A novel technology for protein delivery to the CNS

Award Information
Agency:
Department of Health and Human Services
Branch
n/a
Amount:
$126,563.00
Award Year:
2004
Program:
SBIR
Phase:
Phase I
Contract:
1R43NS048651-01
Award Id:
71805
Agency Tracking Number:
NS048651
Solicitation Year:
n/a
Solicitation Topic Code:
n/a
Solicitation Number:
n/a
Small Business Information
Q THERAPEUTICS, INC., 421 WAKARA WAY, STE 201, SALT LAKE CITY, UT, 84108
Hubzone Owned:
N
Minority Owned:
N
Woman Owned:
N
Duns:
n/a
Principal Investigator:
MANI RAMASWAMI
(520) 621-6624
MANI@U.ARIZONA.EDU
Business Contact:
(801) 581-0400
Research Institution:
n/a
Abstract
DESCRIPTION (provided by applicant): The long-term objective of this research is to develop a cell-based system for delivering therapeutic gene products to brain and spinal cord. Several candidate protein pharmaceuticals exist whose use for treatment of genetic or other CNS disorders is severely hampered by the absence of a convenient delivery mechanism. A stable cell-based delivery system for such therapeutics could bypass the almost prohibitive clinical requirement for multiple intracranial injections of molecules that may often be expensive to obtain at the required levels of purity. A successful cell-based delivery system requires two problems to be solved. First, a population of cells must be identified that, when transplanted into the adult CNS, will migrate, integrate efficiently, and survive in diseased tissue. Based on preliminary rodent studies, it appears that Q Therapeutics' patented glial precursor cells, conveniently obtained from adult or embryonic tissue, overcome this problem. Second, an expression technology must be devised that bypasses problems associated with currently available forms of gene therapy including toxicity, side effects associated with inappropriate integration sites, and transgene silencing. This Phase 1 SBIR proposes to establish such a technology.
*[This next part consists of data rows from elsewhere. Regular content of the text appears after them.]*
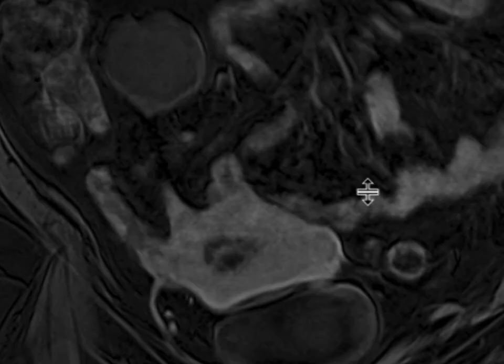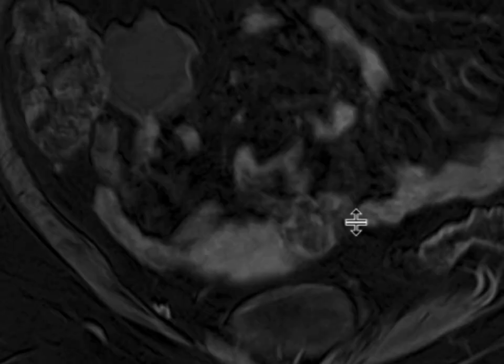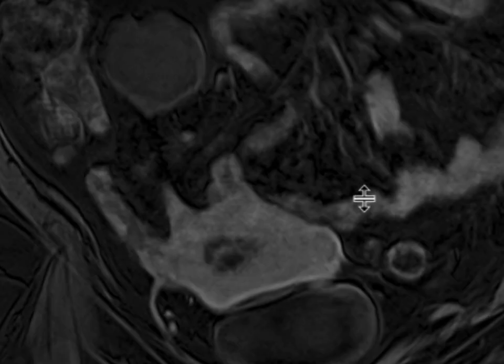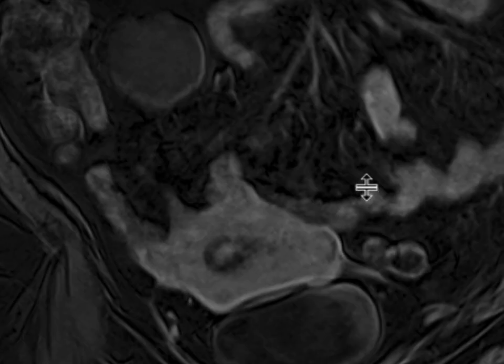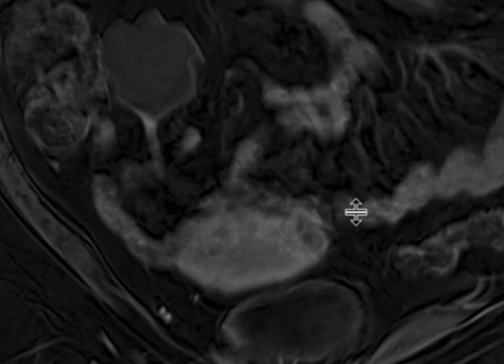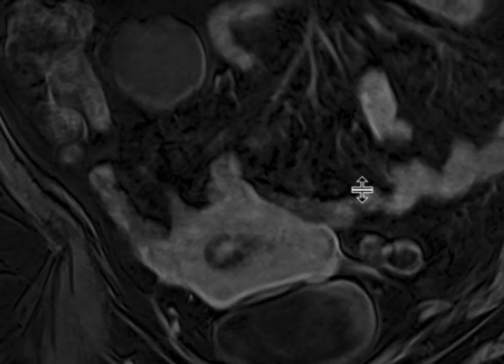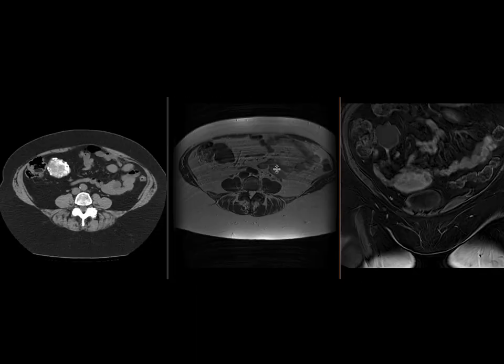The additional mass also turns out to be a subserosal fibroid — specifically a pedunculated fibroid with a rather long and thin stalk, which terminates in this calcified fibroid in the right lower quadrant.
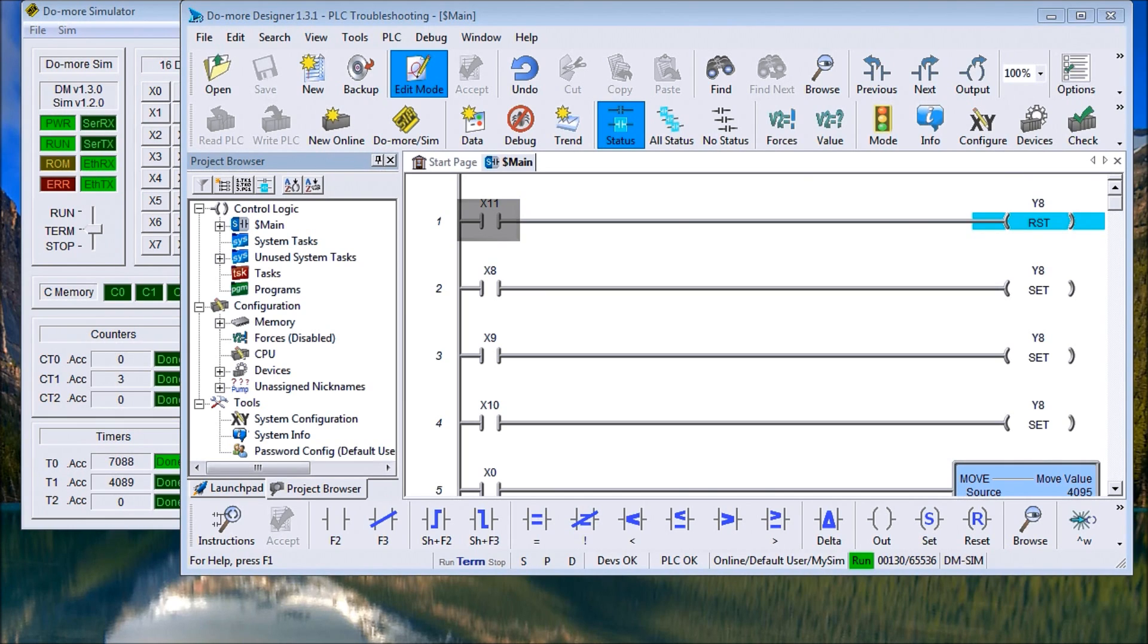Hi everyone. Today we'll take a look at troubleshooting a couple of PLC examples.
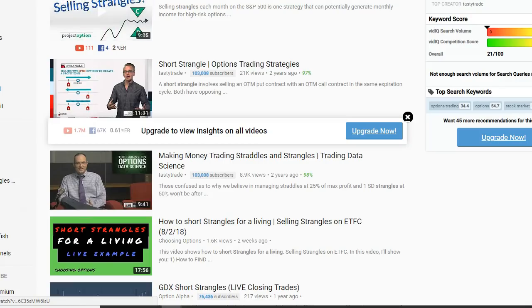How to make money with stock options. Hey guys, this is Mehdi choosing options today's Monday August the 20th.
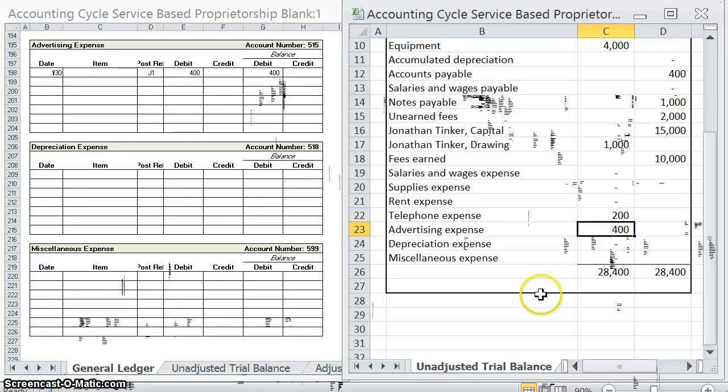Now that we're done with our unadjusted trial balance, let's move on to step four — every student's favorite — adjusting entries. I'll see you in the next video.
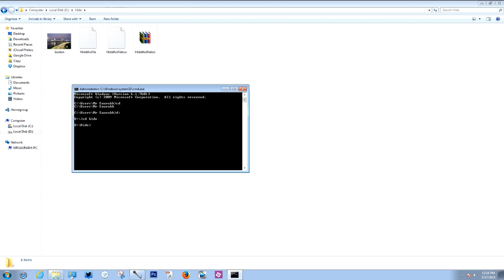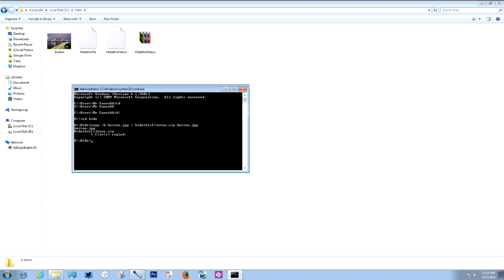Now type the following command carefully: copy /b boston.jpg + hidethisfile.zip output.jpg. Make sure you use the correct file names for your JPEG and zip files — if you choose a wrong name it will give you an error instead of telling you 'one file copied'.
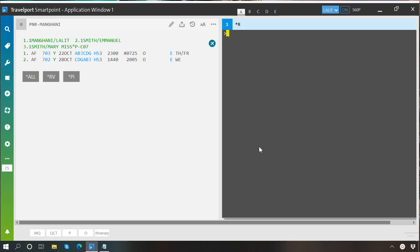So this is how name change is performed in SmartPoint. Thank you so much for watching our video and please like it, share it and subscribe our YouTube channel.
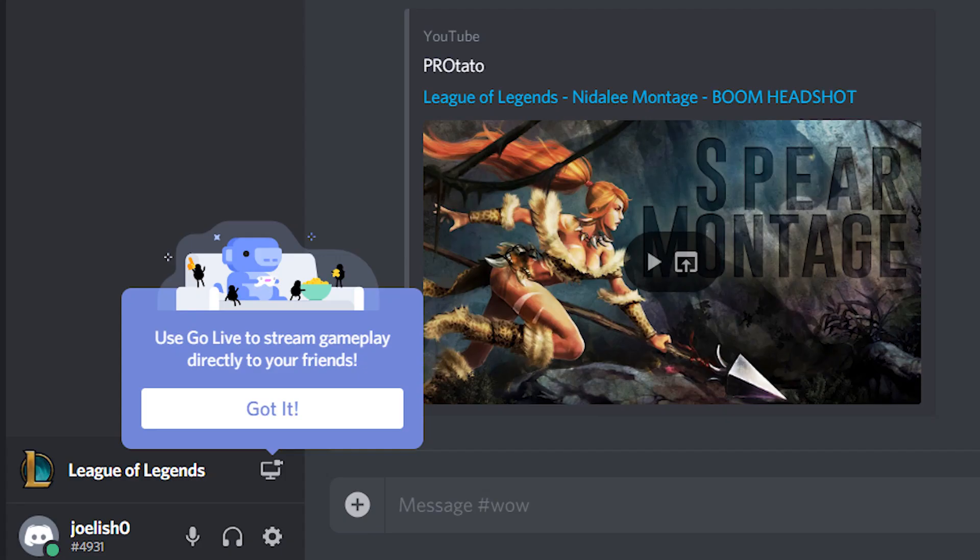If you boot up a game Discord recognizes, you'll notice a small window appear above your status bar. Click the small screen icon to the right on this new window to go live.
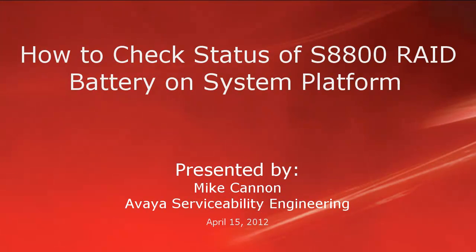Hello folks, my name is Mike Cannon, part of the Avaya Serviceability Engineering Group. Today we're going to do a short video on how to manually check the status of our S8800 RAID battery on System Platform.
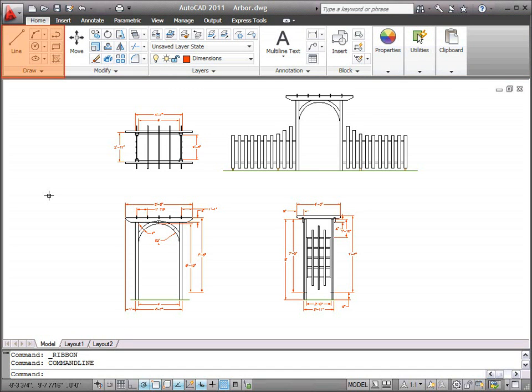For example, the Draw panel on the Home tab contains tools to create basic and complex objects, such as lines, circles, and ellipses.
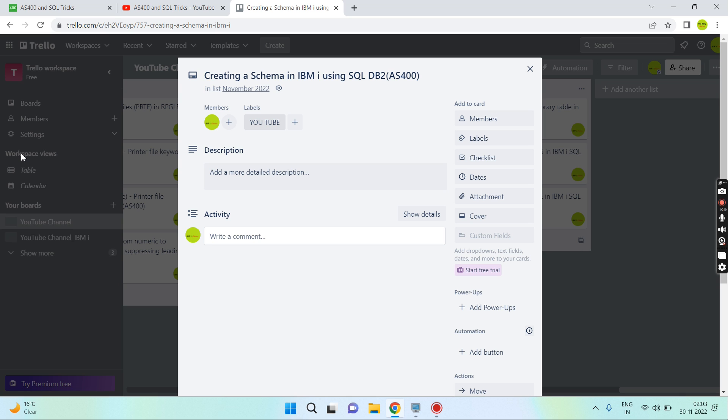The difference between these two is that schemas have some objects inside them. In a library we don't have those objects created when we use the create lib command on IBM i. But when we create from SQL, the schema has some other objects inside like a journal, the journal receiver, or the catalog files of the data dictionary table.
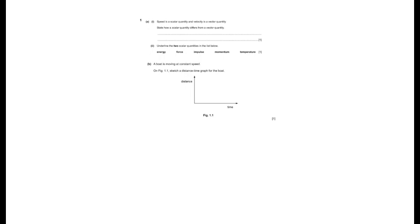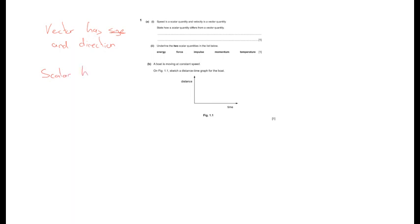Question one: speed is a scalar quantity and velocity is a vector quantity. State how a scalar quantity differs from a vector quantity. Nice easy start — simple revision. You always need to remember that any vector has size and direction, while a scalar has size only. A better word to use than size, if you want to really impress the examiner, would be magnitude, which effectively means the same thing.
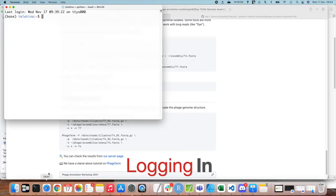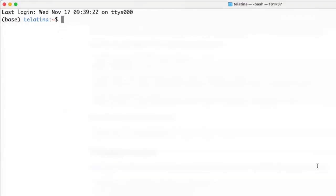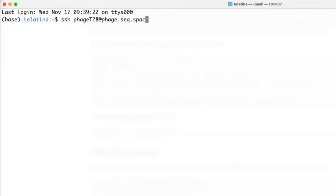To log in to our remote server, we need a terminal. If you use Mac or Linux, you already have one; otherwise you can use PuTTY. In either case, the information needed to log in are your username, your password, and the remote server address. The syntax is SSH, your username at the remote server address, which can be either a numeric IP address or a domain like phage.seq.space in our case.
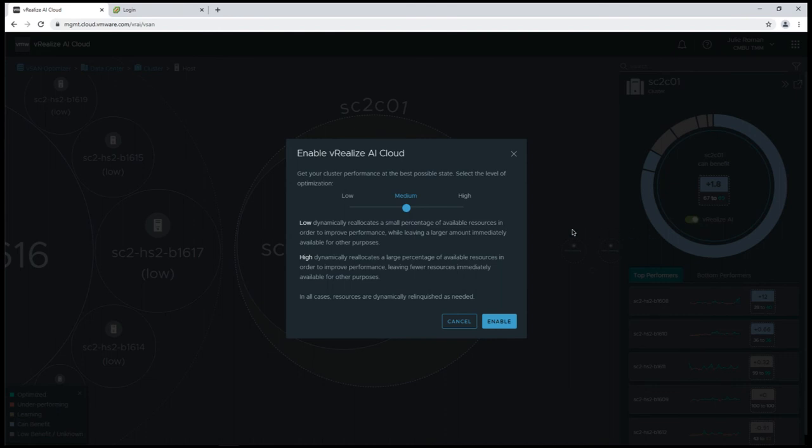We have the option to choose low, medium, or high. That's going to be how many resources we want to allocate towards optimization. If you want to be a little bit more conservative, you could choose low, but we're just going to choose medium for this.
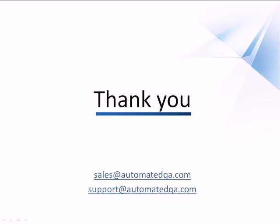This concludes our video on how to create tests with TestComplete. If you have any questions, please don't hesitate to contact us at the addresses you see on your screen. In the meantime, we wish you luck and hope you enjoy automating your tests with TestComplete.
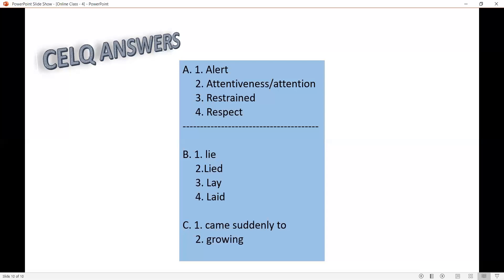Now question C. When he said this, the real reason for his visit struck me — 'struck' means it came suddenly to me; the real reason for his visit came suddenly to me. The second one: he is an expert in the culture of mushrooms — here 'culture' means growing; he is an expert in the growing of mushrooms.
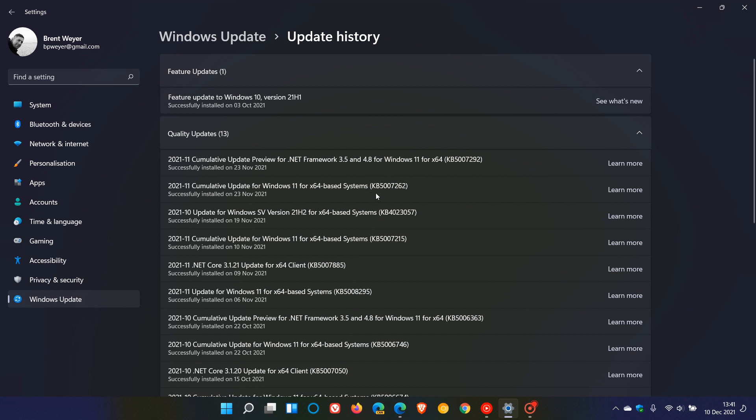And if you haven't installed this update, a fix will be included in next week's Patch Tuesday cumulative update rolling out on the 14th of December 2021, where a fix for this should be included in that Patch Tuesday update rolling out next week.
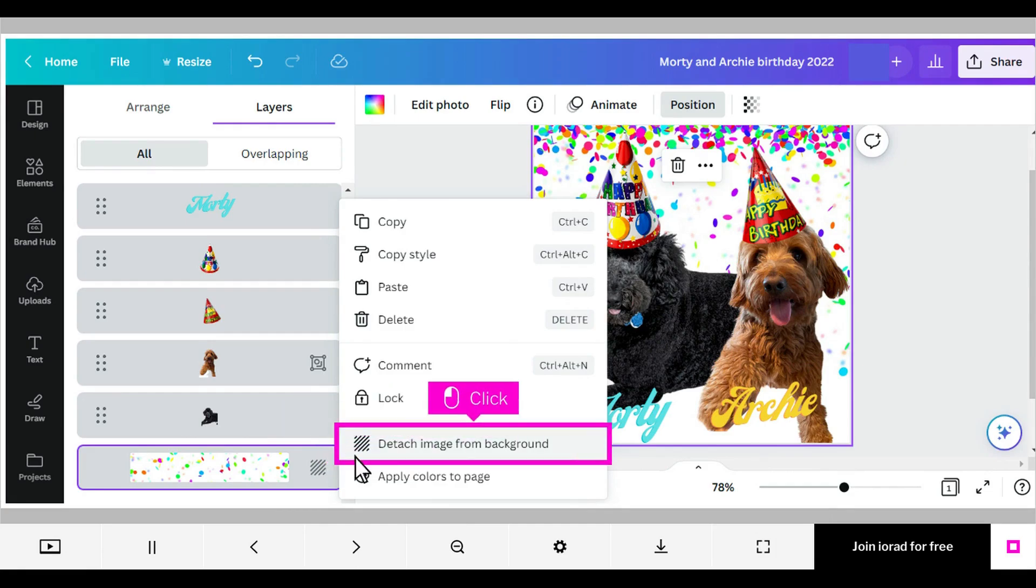Let's show you how to detach that image from the background so that we can show you the second way to make an image a background. Click Detach Image from Background.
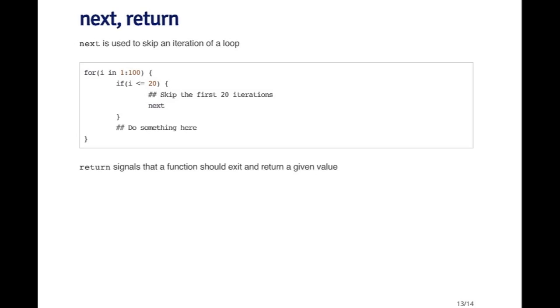The return function is another function that can be used to exit a loop. And it's primarily used to exit a function. It'll exit the entire function and return a value that you pass it. So we'll talk more about return when we talk about functions. But it's something that can interrupt the flow of a program too.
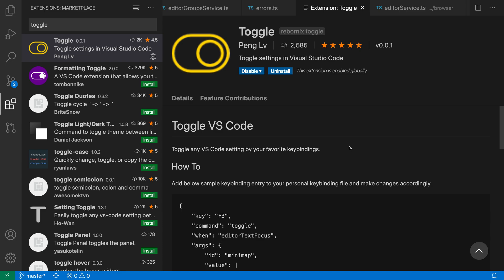Toggle is a simple yet powerful VS Code extension that lets you set up key bindings that switch between the values of pretty much any VS Code setting.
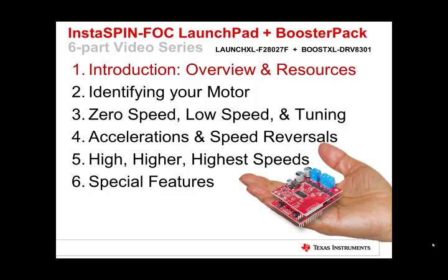Welcome to the Instaspin FOC Launch Pad and Booster Pack training video. This is a six-part series. Part one is the introduction with our overview and resources.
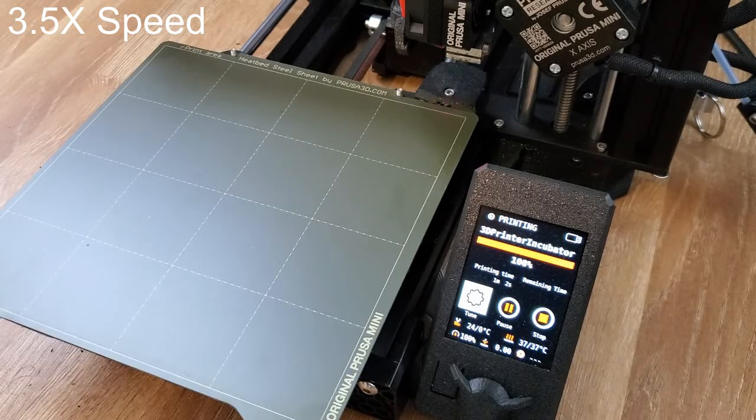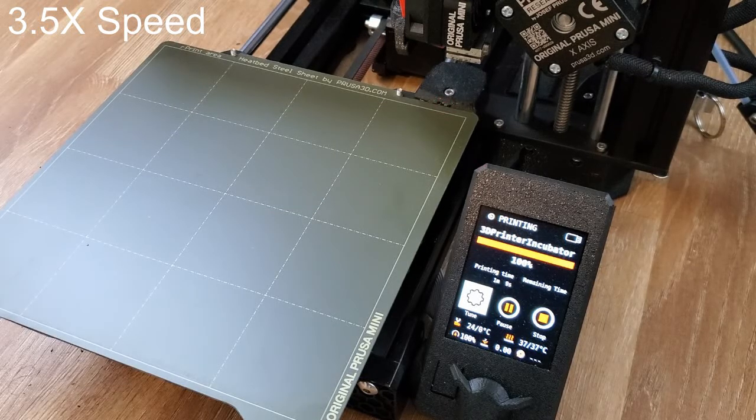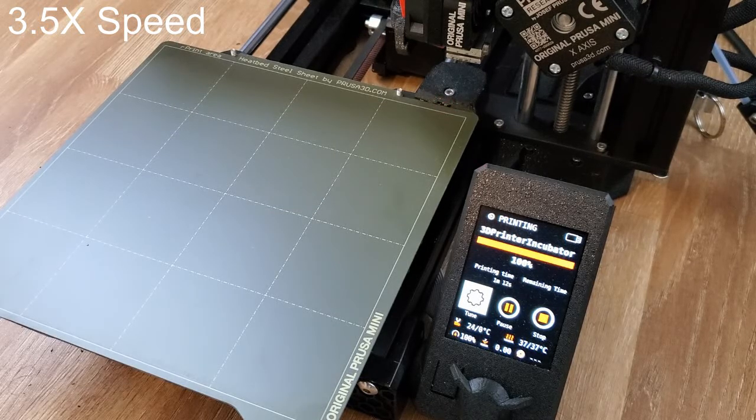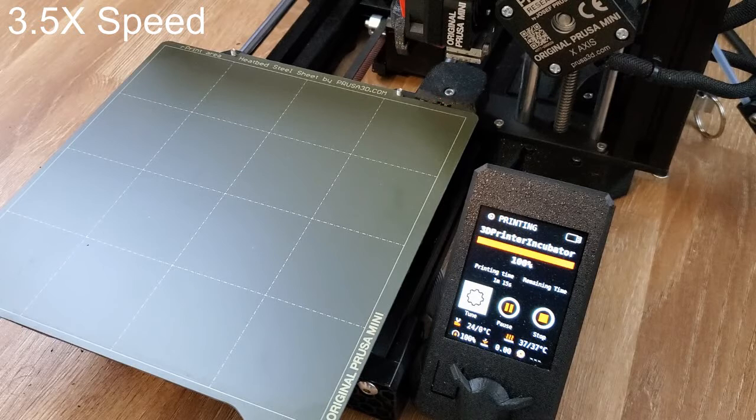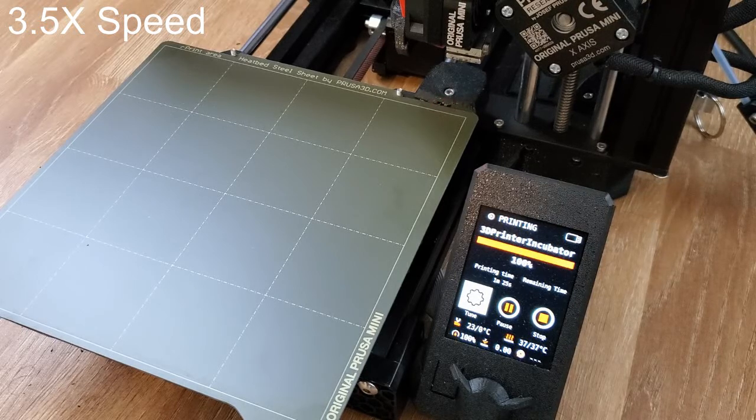You can change the timer to be as long as you want. I just did 60 seconds since it was a test. And that's it. That's all you need to turn the Prusa Mini Plus into an incubator.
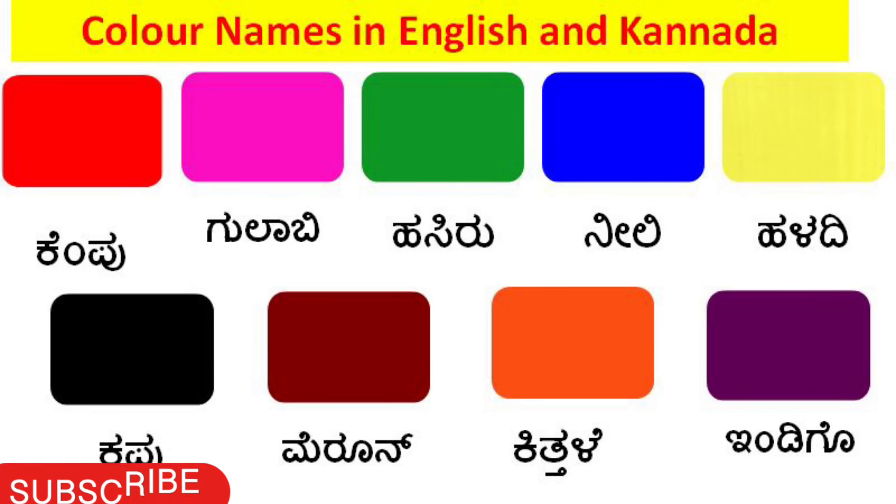Hello, Namaste. Today we are learning color names in English and translate in Kannada also. Let's start.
Homologous recombination based integration of transgenes downstream of strong promoters, if successful in glial progenitor cells, will allow targeted transgene integration without additional vector sequences that are likely to be the source of several problems with current gene therapy vectors. Research proposed here will establish the feasibility of homologous recombination in glial progenitor cells and expression of integrated transgenes after transplanation into rodent hosts. The first anticipated target of this therapeutic strategy is Battens disease, a heritable lysosomal storage disease that results in strong neurological phenotype in infants. If successful, this will establish the feasibility of a novel therapeutic strategy to combat several highly prevalent neurological diseases.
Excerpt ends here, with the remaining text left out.